De nos jours, les touristes « font » l’Italie, la Grèce, la Turquie, la Thaïlande, le Cambodge… pendant que d’autres se promènent, bourlinguent, errent, vagabondent. Les premiers voyagent « au dehors », là où les seconds voyagent « au-dedans », pour reprendre les termes de Nicolas Bouvier, le voyageur-écrivain suisse, précurseur dans les années cinquante de ce que l’on nommera, près d’un demi-siècle plus tard, le slow travel.
En Sardaigne, il faut se laisser prendre par cette envie de voyager pour ne rien « faire ». Le « touriste » (de masse) n’en a pas le temps. Il est pressé de profiter de ce qu’il a planifié, prévu, organisé, imaginé et attendu. Le Français est réputé râleur ; le touriste l’est certainement, et il ne se gênera pas d’étaler sur les réseaux sociaux les inévitables contrariétés d’un voyage trop minutieusement programmé. La déception est un sentiment réservé à celui qui attend quelque chose. Elle n’est que le décalage entre le désir et la réalité que nous rencontrons : il convient donc de voyager en Sardaigne sans rien en attendre. C’est alors que la mésaventure deviendra une heureuse péripétie, que l’impondérable pourra être vécu comme une opportunité, qu’une circonstance fâcheuse se transformera en expérience.
Ce slow travel, c’est l’équivalent de la page blanche de l’écrivain, mais appréhendée comme une aubaine plutôt que comme une angoisse. C’est le plaisir de combler le vide par une multitude de petits riens : pour le sage, il est un éternel départ, une perpétuelle étape qui ne connaît pas d’arrivée. C’est en cela qu’il est séduisant et jamais décevant.

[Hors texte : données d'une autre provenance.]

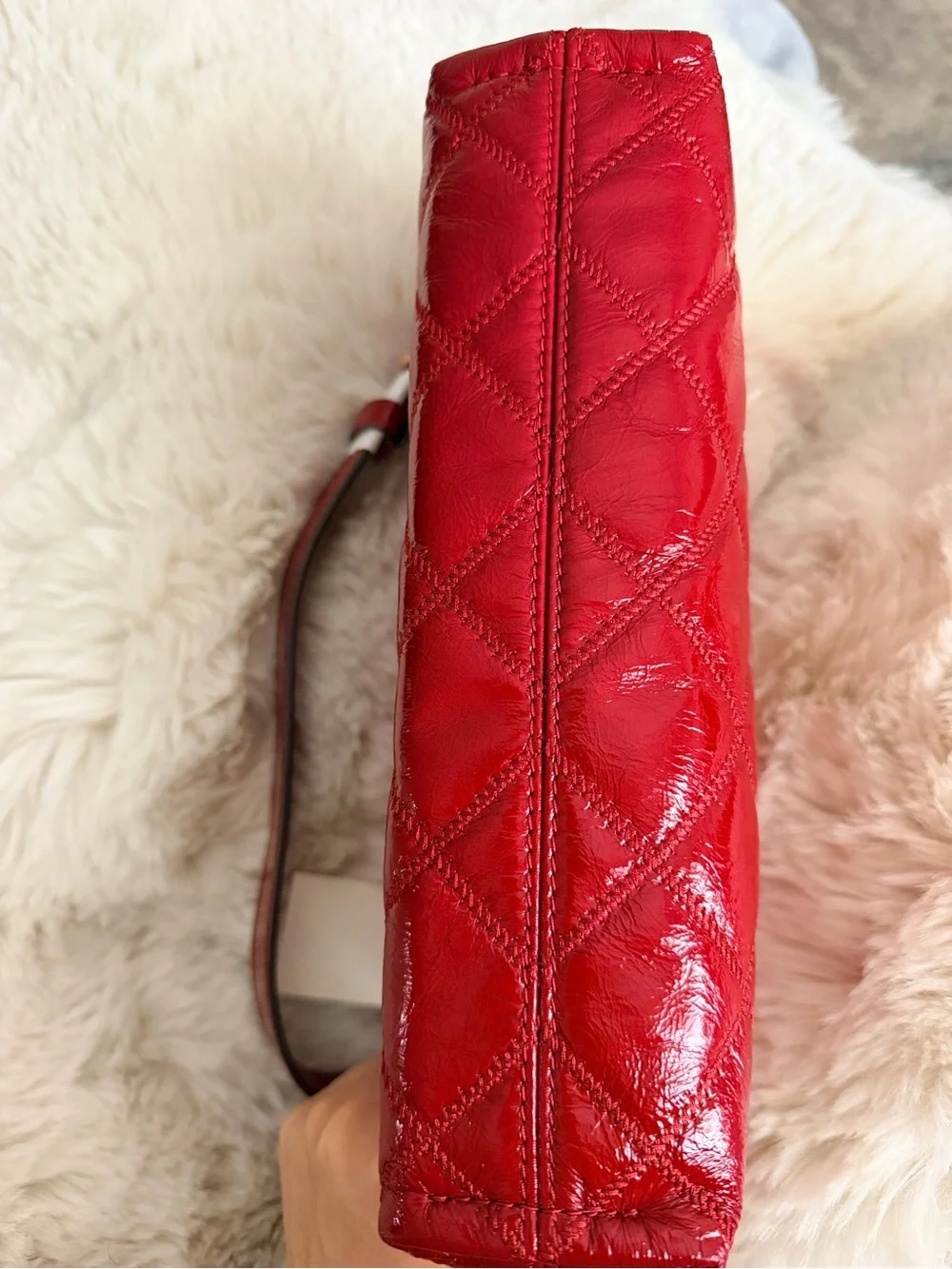 Tory Burch Red Quilted Patent Leather Crossbody Bag with Gold Hardware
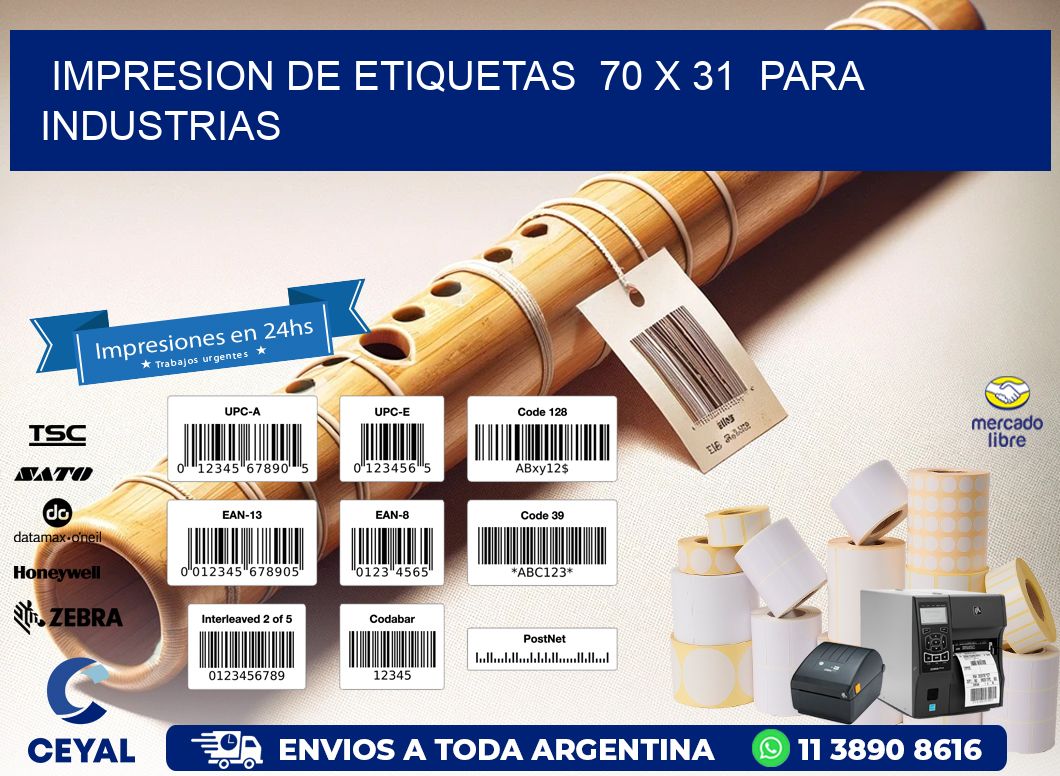 impresion de etiquetas  70 x 31  para industrias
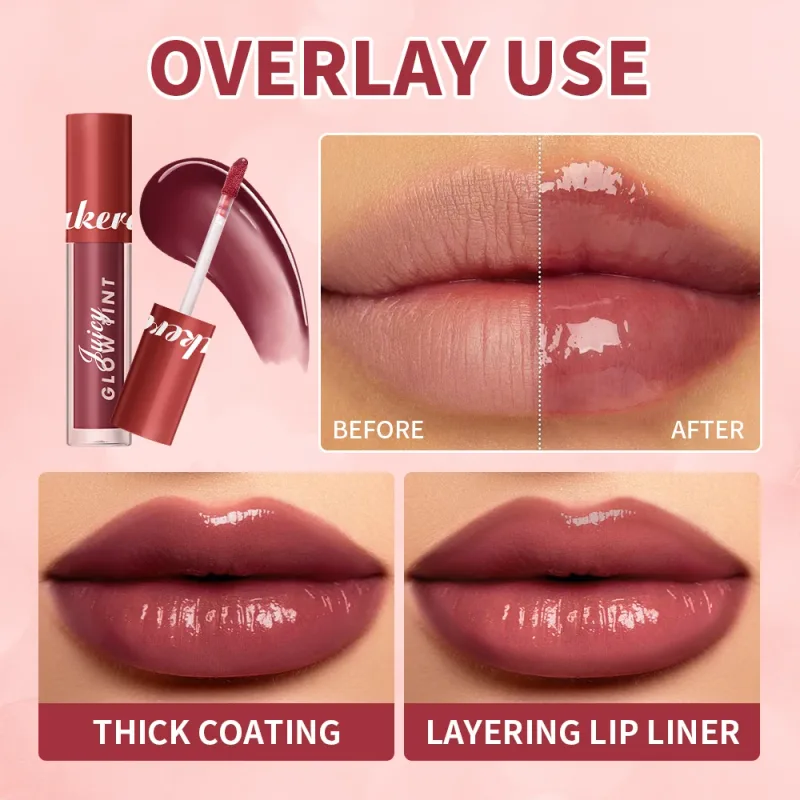 Juteux lueur teinte pour les lèvres miroir brillant à lèvres hydratant en profondeur longue durée rosée hydratant Non collant haute brillance teinté maquillage pour les lèvres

En voyage, comme en amour ou en écriture, il est plus facile de commencer une histoire que de la mener à son terme. Il n’y a qu’en gastronomie que l’entame est délicate : celle des fromages sera laissée à l’initiative de l’hôtesse, et celle de la bouteille de rouge à celle du maître de maison (si j’ai bien écouté ma grand-mère et bien lu Berthe Bernage). Mais si, petit, l’on apprend à se tenir à table, on n’apprend pas à voyager. Alors, laissons libre cours au plaisir toujours recommencé de ne connaître que des départs, avec cette confortable assurance de ne jamais connaître ni l’angoisse de se perdre ni la désillusion de revenir déçu.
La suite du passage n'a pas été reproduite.